FAQ

Common questions and troubleshooting for GO3.

Gene not found

Error: ValueError: gene "XYZ" not found

Gene names must exactly match the db_object_symbol column in your GAF file (case-sensitive). Common causes:

  • Using an alias or old symbol instead of the current one.

  • The gene has no GO annotations in your GAF file.

  • Typos or extra whitespace in the gene name.

Fix: open your GAF file and search for the gene symbol. GAF files use tab-separated columns; db_object_symbol is column 3 (0-indexed: column 2).

Similarity is 0.0

A result of 0.0 typically means:

  • The two terms are in different namespaces (e.g., one is BP and the other is MF). Cross-namespace terms have no common ancestor.

  • One or both GO IDs are invalid or not in the loaded ontology.

  • The terms have no common ancestor with IC > 0 (very rare within the same namespace).

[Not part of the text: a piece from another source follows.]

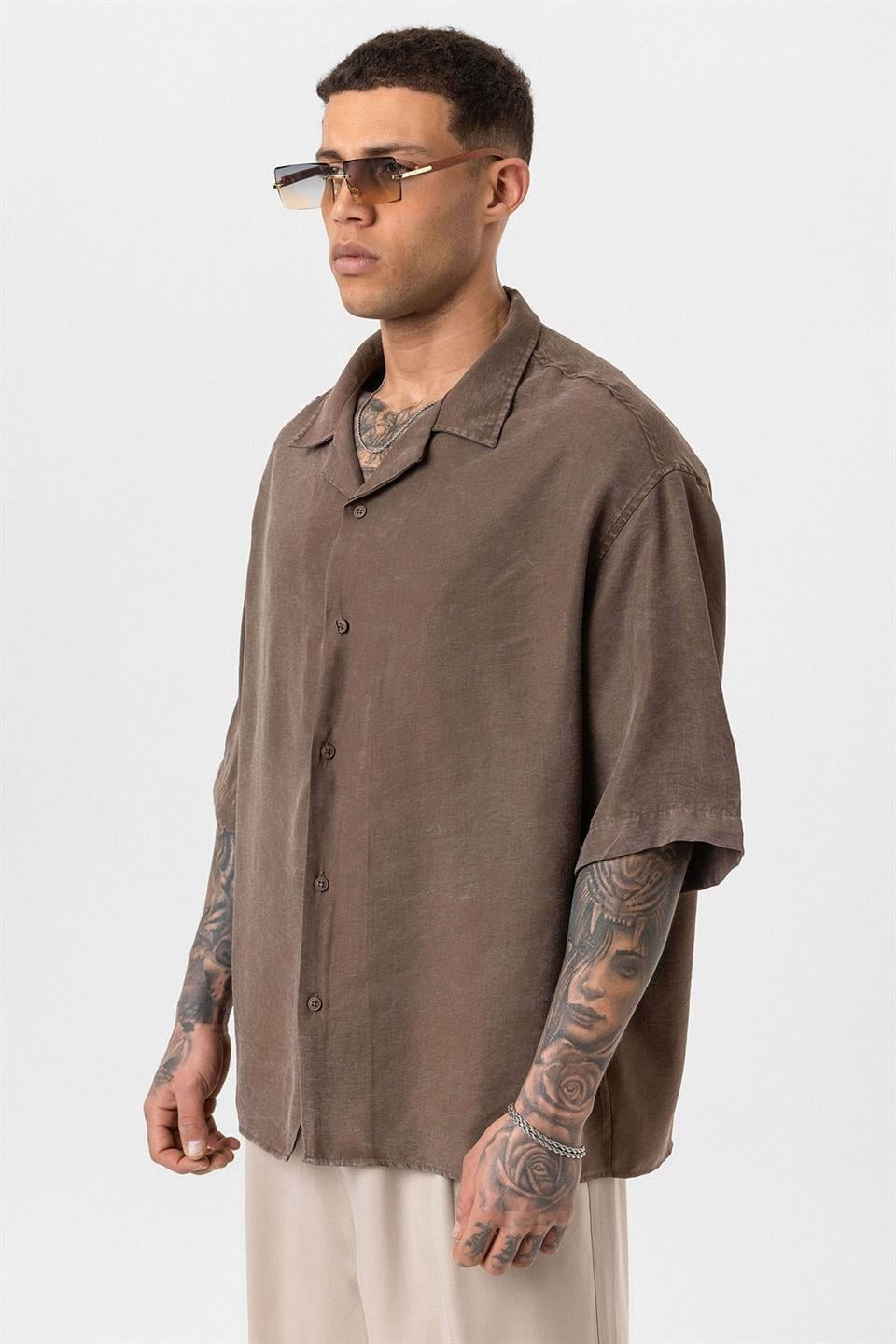 Oversized Short-Sleeve Shirt (Machine Washable)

  • For gene comparisons: one or both genes have no annotations in the selected namespace.

Fix: verify that both terms/genes exist and belong to the same namespace. Use get_term_by_id to inspect individual terms.

Which OBO file should I use?

Use go-basic.obo (recommended). This is the standard filtered version that contains only is_a and part_of relationships within each namespace.

The full go.obo includes cross-ontology links and additional relationship types that may produce unexpected similarity scores. Unless you specifically need those relationships, stick with go-basic.obo.

If you call go3.load_go_terms() without a path, GO3 downloads go-basic.obo automatically.

Can I use a custom ontology?

Yes. GO3 accepts any OBO-format file. If you have a custom or domain-specific ontology in OBO format, pass its path to load_go_terms:

go3.load_go_terms("my_custom_ontology.obo")

The same parsing and caching logic applies.

How do I filter by evidence code?

GO3 automatically filters out ND (No biological Data) annotations and annotations with NOT qualifiers. For stricter filtering (e.g., excluding IEA to use only experimentally curated annotations), pre-filter your GAF file before passing it to load_gaf:

# Example: filter GAF to keep only experimental evidence codes
experimental_codes = {"EXP", "IDA", "IPI", "IMP", "IGI", "IEP"}

with open("goa_human.gaf") as f:
    with open("goa_human_experimental.gaf", "w") as out:
        for line in f:
            if line.startswith("!"):
                out.write(line)
                continue
            fields = line.split("\t")
            if len(fields) > 6 and fields[6] in experimental_codes:
                out.write(line)

annots = go3.load_gaf("goa_human_experimental.gaf")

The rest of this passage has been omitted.